On Monday, Boeing said it would suspend 737 Max production starting in January 2020. And the fallout from the now nine-month grounding and delivery halt is set to expand deep into Boeing’s factories and its global industrial base. No one is sure when production or deliveries will resume.
“We believe this decision is least disruptive to maintaining long-term production system and supply chain health,” the company said in a Monday statement.
Halting the Renton, Wash. assembly lines comes after 11 uninterrupted years of production. The last time the lines were idled, Boeing’s unionized machinists went out on strike for 57-days, a week prior to the collapse of Lehman Brothers in September 2008 and the near-collapse of the global financial system.

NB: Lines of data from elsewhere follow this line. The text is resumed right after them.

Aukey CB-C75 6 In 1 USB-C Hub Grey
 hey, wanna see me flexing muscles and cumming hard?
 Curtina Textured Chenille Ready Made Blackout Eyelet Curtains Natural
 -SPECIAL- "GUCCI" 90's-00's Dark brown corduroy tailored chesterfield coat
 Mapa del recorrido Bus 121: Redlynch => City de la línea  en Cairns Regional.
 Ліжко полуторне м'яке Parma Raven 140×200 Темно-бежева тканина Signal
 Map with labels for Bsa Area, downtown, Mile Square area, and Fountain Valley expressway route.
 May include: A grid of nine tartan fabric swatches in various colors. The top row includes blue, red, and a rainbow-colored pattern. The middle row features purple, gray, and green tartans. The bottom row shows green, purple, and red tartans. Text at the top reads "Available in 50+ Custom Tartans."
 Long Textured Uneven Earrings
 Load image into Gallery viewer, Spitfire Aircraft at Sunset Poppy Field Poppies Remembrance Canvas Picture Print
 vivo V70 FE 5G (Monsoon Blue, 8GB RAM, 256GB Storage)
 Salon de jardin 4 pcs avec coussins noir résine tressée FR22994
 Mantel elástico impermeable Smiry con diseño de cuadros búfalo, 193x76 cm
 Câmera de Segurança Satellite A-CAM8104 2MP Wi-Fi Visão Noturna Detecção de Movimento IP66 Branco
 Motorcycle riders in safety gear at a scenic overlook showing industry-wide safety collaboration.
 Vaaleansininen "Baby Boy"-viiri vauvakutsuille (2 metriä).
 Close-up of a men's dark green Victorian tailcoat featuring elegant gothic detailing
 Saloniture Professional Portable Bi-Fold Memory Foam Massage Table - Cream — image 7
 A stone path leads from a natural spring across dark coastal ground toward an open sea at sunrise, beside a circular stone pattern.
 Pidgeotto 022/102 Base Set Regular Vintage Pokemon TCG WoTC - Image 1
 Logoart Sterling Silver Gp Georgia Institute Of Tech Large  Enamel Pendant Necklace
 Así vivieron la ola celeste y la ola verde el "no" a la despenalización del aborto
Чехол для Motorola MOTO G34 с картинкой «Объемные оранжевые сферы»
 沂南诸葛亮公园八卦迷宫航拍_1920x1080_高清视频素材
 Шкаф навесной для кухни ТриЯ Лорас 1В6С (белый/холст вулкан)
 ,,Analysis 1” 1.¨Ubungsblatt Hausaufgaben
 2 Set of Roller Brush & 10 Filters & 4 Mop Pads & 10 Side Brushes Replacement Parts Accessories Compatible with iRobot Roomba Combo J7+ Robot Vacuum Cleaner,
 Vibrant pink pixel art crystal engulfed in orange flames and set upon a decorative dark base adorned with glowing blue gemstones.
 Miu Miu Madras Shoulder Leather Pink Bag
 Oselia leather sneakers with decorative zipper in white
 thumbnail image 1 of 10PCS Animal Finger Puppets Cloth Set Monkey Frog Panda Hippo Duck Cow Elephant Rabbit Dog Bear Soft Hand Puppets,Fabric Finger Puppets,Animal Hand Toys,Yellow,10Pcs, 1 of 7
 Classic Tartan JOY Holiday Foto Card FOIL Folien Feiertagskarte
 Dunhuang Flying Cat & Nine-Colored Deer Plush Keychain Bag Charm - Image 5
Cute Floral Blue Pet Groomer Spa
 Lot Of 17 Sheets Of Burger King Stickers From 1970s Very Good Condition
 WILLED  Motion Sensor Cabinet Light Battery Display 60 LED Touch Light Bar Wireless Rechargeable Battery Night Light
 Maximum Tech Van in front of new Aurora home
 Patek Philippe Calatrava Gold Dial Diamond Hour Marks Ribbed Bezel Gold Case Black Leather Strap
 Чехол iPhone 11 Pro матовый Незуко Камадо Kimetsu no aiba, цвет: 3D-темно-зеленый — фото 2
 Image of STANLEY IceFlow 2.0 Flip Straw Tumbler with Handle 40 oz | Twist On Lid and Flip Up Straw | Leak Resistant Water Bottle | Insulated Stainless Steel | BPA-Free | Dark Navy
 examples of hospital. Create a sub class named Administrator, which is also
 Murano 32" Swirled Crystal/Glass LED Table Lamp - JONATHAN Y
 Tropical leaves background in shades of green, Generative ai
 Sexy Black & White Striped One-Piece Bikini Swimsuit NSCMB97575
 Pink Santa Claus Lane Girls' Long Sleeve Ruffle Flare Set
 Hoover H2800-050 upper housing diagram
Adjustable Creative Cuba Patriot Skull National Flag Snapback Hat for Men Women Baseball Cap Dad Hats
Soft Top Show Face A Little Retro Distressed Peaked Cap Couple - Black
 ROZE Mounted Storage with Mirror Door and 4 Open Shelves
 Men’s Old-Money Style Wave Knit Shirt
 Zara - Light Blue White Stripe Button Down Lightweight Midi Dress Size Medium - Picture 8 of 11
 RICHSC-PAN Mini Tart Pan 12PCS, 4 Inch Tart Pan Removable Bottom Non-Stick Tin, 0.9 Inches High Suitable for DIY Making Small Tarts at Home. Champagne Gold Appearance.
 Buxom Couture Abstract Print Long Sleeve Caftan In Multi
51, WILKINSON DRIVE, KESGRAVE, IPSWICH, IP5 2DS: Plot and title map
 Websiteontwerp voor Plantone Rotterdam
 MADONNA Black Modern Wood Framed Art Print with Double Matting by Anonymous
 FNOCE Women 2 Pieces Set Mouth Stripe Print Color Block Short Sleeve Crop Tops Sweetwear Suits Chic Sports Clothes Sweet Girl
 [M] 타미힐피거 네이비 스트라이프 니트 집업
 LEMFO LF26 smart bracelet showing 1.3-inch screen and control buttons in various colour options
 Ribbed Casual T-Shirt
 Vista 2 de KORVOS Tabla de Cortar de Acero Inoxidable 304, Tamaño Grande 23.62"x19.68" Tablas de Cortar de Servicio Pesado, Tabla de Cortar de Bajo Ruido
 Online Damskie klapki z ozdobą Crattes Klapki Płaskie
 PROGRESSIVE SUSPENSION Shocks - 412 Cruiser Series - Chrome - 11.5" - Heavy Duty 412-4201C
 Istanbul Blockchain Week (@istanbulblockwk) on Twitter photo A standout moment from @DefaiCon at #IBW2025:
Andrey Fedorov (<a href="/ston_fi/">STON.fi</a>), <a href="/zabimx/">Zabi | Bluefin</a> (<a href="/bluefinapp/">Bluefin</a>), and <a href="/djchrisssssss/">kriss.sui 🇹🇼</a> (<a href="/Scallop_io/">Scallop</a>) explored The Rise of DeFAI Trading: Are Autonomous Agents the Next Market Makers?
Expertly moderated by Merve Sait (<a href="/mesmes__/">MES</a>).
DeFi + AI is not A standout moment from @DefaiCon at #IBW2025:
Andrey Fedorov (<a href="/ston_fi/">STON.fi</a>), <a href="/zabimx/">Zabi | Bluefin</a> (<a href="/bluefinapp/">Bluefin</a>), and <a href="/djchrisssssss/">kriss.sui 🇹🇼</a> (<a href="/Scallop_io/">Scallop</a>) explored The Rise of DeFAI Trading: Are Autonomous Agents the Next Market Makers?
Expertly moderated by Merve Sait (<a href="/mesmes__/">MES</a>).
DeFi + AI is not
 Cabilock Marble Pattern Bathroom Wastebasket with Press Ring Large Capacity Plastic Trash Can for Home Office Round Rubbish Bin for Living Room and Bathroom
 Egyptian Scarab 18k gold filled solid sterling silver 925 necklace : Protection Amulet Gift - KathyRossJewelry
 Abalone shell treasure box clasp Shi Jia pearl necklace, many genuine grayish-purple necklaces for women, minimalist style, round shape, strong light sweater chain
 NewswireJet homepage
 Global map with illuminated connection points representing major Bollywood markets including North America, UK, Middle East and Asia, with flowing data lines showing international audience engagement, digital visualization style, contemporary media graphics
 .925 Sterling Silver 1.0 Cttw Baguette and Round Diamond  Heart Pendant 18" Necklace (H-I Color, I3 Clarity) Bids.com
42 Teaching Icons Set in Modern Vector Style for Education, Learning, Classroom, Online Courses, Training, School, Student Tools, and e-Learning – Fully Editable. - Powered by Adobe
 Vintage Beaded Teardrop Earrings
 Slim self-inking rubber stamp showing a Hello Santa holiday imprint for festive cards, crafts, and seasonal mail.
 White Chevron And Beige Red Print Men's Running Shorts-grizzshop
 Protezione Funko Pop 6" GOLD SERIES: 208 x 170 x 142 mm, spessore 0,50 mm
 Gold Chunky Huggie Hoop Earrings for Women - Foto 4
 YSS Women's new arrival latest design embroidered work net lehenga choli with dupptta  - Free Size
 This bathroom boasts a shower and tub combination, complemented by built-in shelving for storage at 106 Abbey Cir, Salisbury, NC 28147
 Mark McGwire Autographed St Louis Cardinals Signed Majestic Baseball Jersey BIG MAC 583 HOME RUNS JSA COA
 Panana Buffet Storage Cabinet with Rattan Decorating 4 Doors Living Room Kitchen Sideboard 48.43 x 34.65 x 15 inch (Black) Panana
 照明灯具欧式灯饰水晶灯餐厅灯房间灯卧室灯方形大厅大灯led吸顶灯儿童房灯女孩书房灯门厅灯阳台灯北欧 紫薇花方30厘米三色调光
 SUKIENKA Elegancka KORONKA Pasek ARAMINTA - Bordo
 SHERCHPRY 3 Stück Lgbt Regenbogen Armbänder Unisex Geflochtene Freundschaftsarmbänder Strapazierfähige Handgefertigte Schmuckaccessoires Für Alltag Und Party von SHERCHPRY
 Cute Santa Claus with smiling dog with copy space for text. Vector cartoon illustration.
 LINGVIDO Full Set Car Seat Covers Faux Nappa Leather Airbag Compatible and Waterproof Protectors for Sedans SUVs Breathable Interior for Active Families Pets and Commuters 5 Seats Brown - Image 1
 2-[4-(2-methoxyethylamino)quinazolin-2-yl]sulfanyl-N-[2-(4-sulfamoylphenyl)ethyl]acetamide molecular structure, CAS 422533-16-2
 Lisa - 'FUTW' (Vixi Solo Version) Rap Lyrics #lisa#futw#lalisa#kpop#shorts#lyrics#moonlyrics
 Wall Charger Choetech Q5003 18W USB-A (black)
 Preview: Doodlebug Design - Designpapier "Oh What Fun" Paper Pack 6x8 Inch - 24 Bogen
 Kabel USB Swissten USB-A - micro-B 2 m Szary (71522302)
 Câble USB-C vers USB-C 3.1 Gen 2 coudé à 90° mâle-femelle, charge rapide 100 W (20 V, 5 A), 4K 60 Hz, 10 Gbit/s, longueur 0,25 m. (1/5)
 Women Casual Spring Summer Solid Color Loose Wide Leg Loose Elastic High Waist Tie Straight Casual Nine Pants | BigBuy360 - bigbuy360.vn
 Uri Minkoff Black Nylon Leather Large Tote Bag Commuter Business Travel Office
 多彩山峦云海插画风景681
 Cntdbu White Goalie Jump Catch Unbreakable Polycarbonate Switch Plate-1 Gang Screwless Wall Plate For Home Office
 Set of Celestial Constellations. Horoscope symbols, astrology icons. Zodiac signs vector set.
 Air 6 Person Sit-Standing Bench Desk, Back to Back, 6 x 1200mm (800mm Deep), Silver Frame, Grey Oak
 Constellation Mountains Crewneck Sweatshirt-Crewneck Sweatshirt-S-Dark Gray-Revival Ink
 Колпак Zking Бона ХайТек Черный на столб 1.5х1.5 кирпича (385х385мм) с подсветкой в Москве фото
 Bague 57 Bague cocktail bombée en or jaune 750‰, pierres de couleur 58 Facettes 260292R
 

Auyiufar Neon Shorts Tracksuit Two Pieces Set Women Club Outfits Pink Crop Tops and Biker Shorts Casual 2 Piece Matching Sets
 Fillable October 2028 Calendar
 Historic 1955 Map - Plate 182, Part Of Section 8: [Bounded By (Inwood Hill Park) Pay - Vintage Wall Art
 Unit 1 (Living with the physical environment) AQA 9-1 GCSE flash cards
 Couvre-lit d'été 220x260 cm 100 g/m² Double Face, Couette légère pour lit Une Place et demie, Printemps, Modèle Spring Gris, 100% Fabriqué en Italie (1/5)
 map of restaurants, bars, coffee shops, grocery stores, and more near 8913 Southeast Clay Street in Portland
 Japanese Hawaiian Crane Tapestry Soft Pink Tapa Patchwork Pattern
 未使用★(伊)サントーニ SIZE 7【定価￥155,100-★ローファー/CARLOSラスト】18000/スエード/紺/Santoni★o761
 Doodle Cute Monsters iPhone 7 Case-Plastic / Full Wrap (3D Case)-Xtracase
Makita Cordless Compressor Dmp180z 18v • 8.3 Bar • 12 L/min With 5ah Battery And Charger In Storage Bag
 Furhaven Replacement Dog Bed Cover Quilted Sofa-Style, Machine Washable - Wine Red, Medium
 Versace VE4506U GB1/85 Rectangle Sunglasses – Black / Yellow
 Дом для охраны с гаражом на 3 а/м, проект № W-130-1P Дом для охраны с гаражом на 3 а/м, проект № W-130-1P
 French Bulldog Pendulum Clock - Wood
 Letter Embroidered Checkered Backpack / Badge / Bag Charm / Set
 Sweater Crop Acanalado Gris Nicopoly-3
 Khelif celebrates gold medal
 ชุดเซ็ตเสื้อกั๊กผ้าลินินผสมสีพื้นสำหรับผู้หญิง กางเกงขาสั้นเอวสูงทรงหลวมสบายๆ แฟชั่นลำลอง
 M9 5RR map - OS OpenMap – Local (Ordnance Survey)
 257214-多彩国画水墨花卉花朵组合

Related: Pilot procedure confusion adds new complication to Boeing 737 Max return
The shockwave of a Max production halt on Boeing’s three Renton assembly lines will not be limited to its own operations. Shutting off the 737 line is poised to inflict acute financial damage on a supply base built on the high tempo production. It will extend through a highly interconnected global supply chain, stretching from Washington, Kansas, Ohio, New Hampshire, North Carolina and Iowa to Poland, France, China and South Korea and everywhere in between. No one today is sure how long or how severe that will be. And supplier leaders wonder if some smaller peers can survive or if this will trigger a new wave of consolidation.